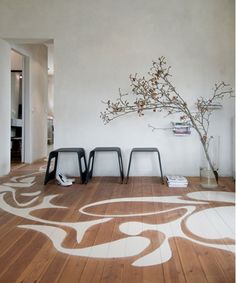 an empty room with three chairs and a vase on the floor in front of it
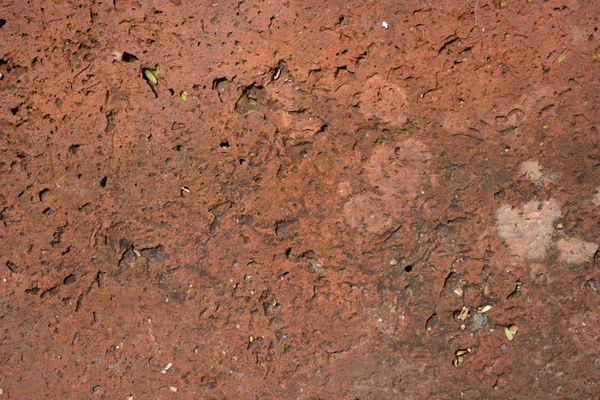 Adobe clay brick surface, photo by Tomás Asurmendi on Pexels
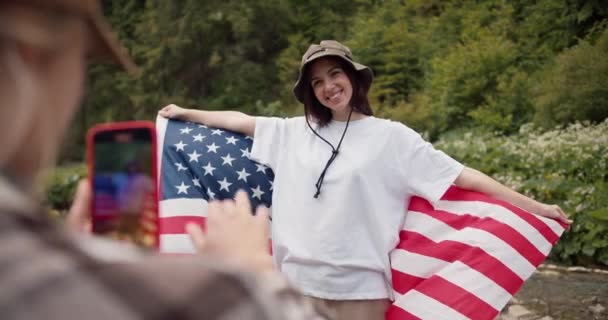 一个金发女郎在森林的背景下调整了一下 说如何站起来 让一个身穿白衬衫 挂着美国国旗的黑发姑娘拍一张更好的照片 — 图库视频影像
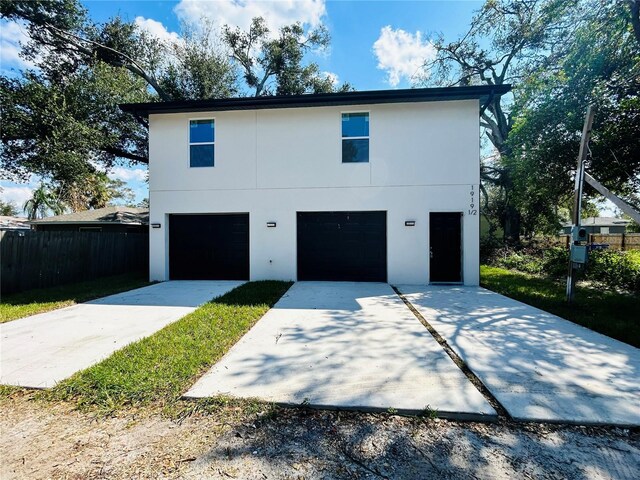 exterior space featuring an attached garage, stucco siding, driveway, and fence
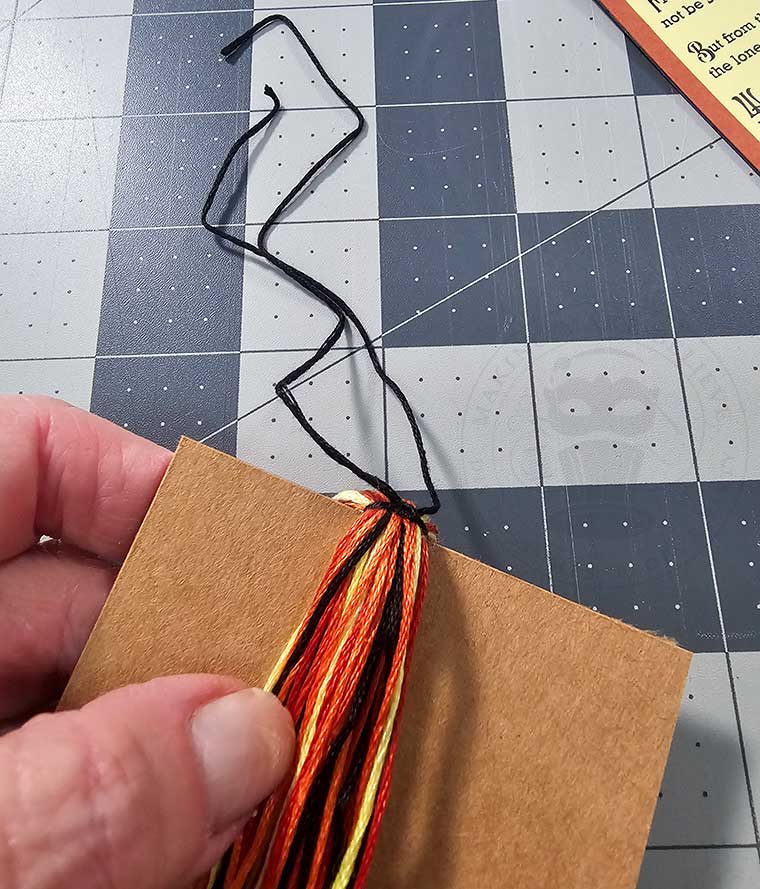 Tie off top of floss wrap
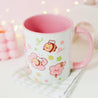 Adorable Bumblebutt Cherry Blossom Mug - Hand-printed white ceramic mug featuring a cute Bumblebutt design surrounded by cherry blossoms. 3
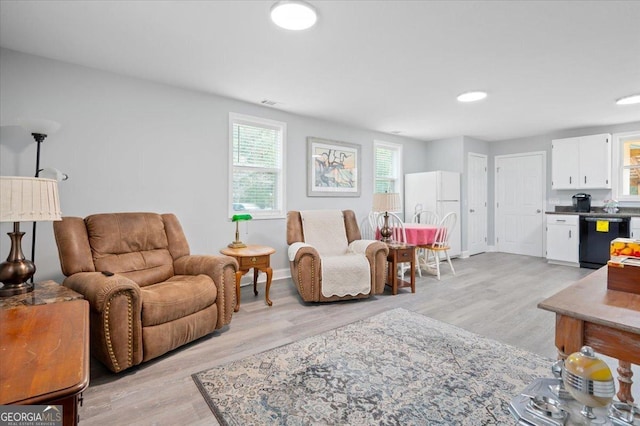 living area with light wood-style floors and visible vents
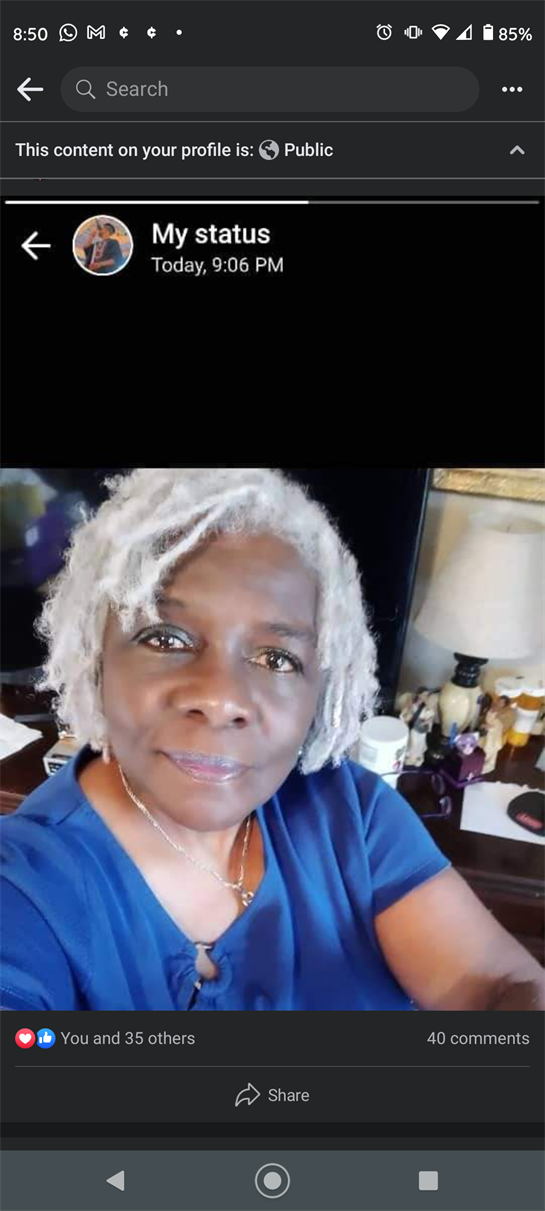 Elderly woman with gray hair smiles warmly while seated in her home, surrounded by personal items.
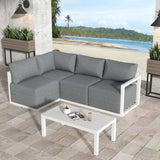 Four seat white rattan outdoor lounge set with cushions and glass table
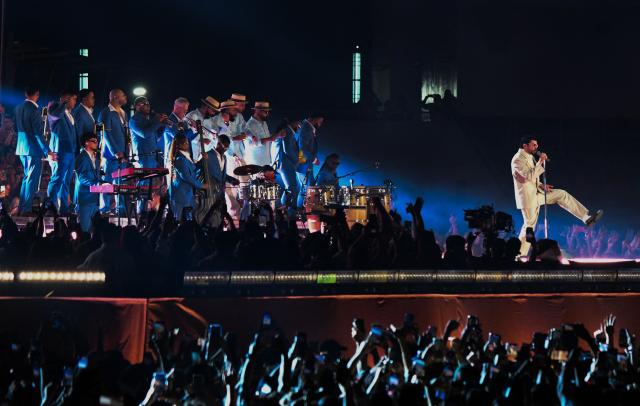 Puerto Rican artist Bad Bunny performs during his "Debi tirar mas fotos" world tour in San Jose, Costa Rica on December 5, 2025. (Photo by EZEQUIEL BECERRA / AFP)
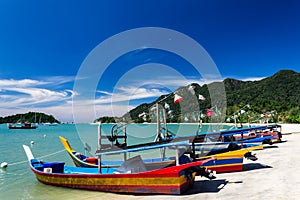 Telaga Harbor beach with colourful squid fishing boats on Langkawi island, also known as Pulau Langkawi, State of Kedah, Malaysia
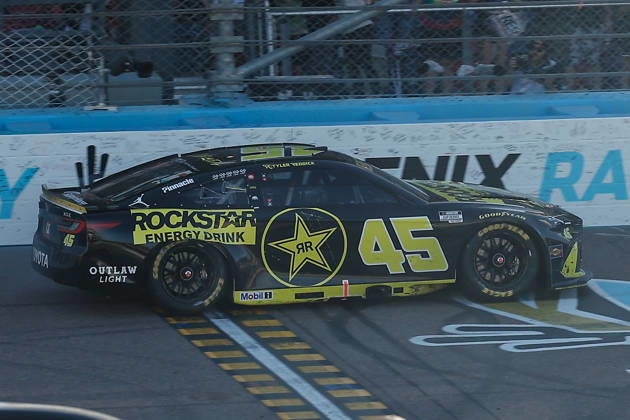 AVONDALE, AZ - OCTOBER 18: Tyler Reddick ( 45 23XI Racing ROCKSTAR ENERGY DRINK Toyota) burns out after winning the NASCAR, Motorsport, USA Cup Series Playoffs Freeway Insurance 500 on October 18, 2026, at Phoenix Raceway in Avondale, AZ. (Photo by Kevin Abele Icon Sportswire) AUTO: OCT 18 NASCAR Cup Series Playoffs Freeway Insurance 500 EDITORIAL USE ONLY Icon261018004500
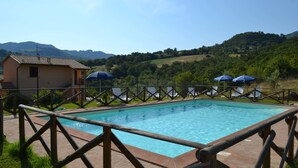 A rectangular pool with a wooden deck and a fence. - Relais Parco del Subasio (Assisi)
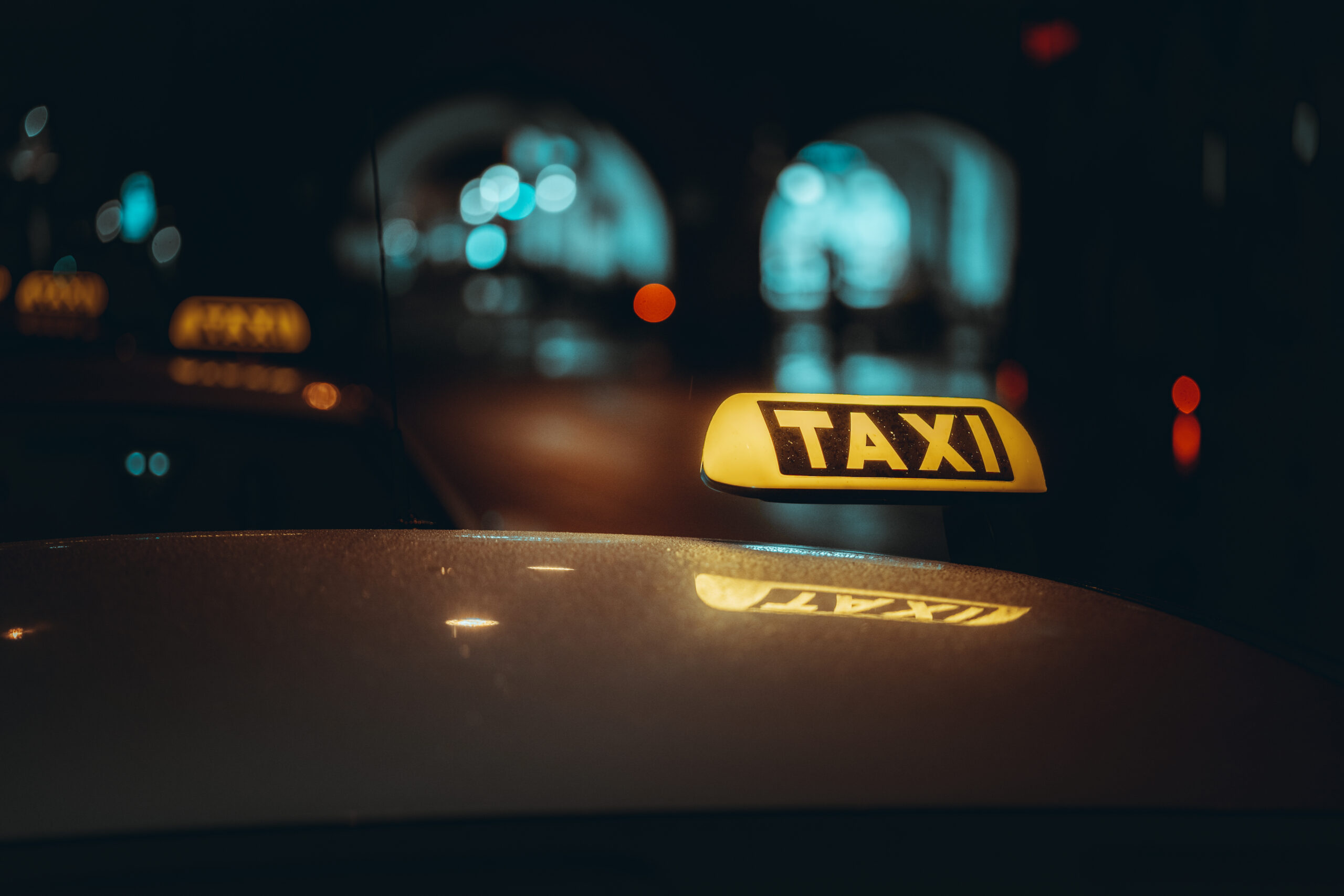 taxi sign night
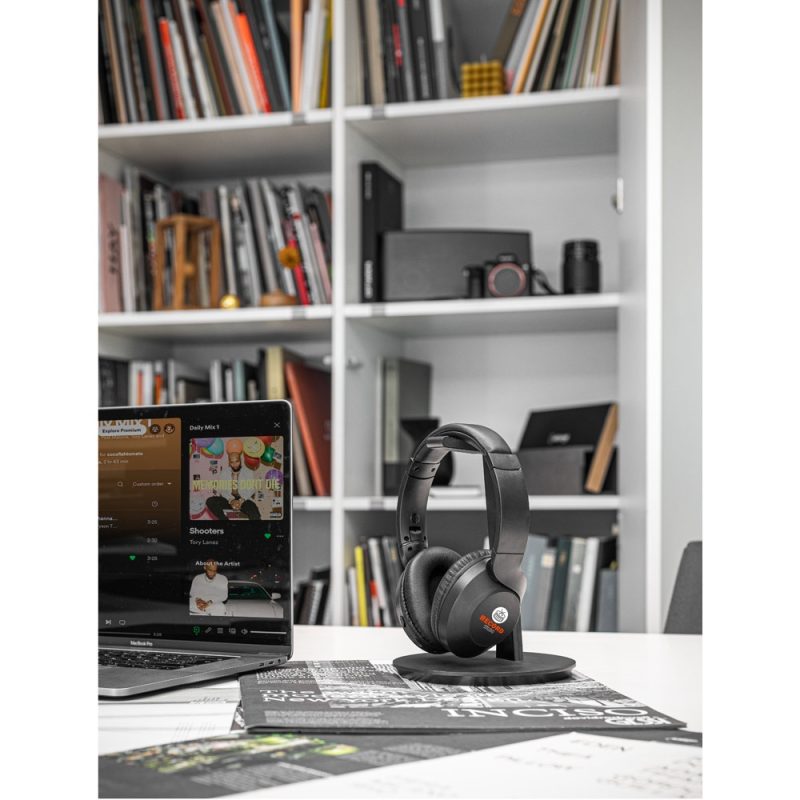 Headphones and laptop with music streaming in office.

══════

■ **Instructions to follow**:
Give back, exactly and without pictures, the stretch of the records above from the line containing "Puerto Rican artist" through the line containing "Telaga Harbor beach", with both end lines included.

■ **Solved problem**:
 Puerto Rican artist Bad Bunny performs during his "Debi tirar mas fotos" world tour in San Jose, Costa Rica on December 5, 2025. (Photo by EZEQUIEL BECERRA / AFP)
 Telaga Harbor beach with colourful squid fishing boats on Langkawi island, also known as Pulau Langkawi, State of Kedah, Malaysia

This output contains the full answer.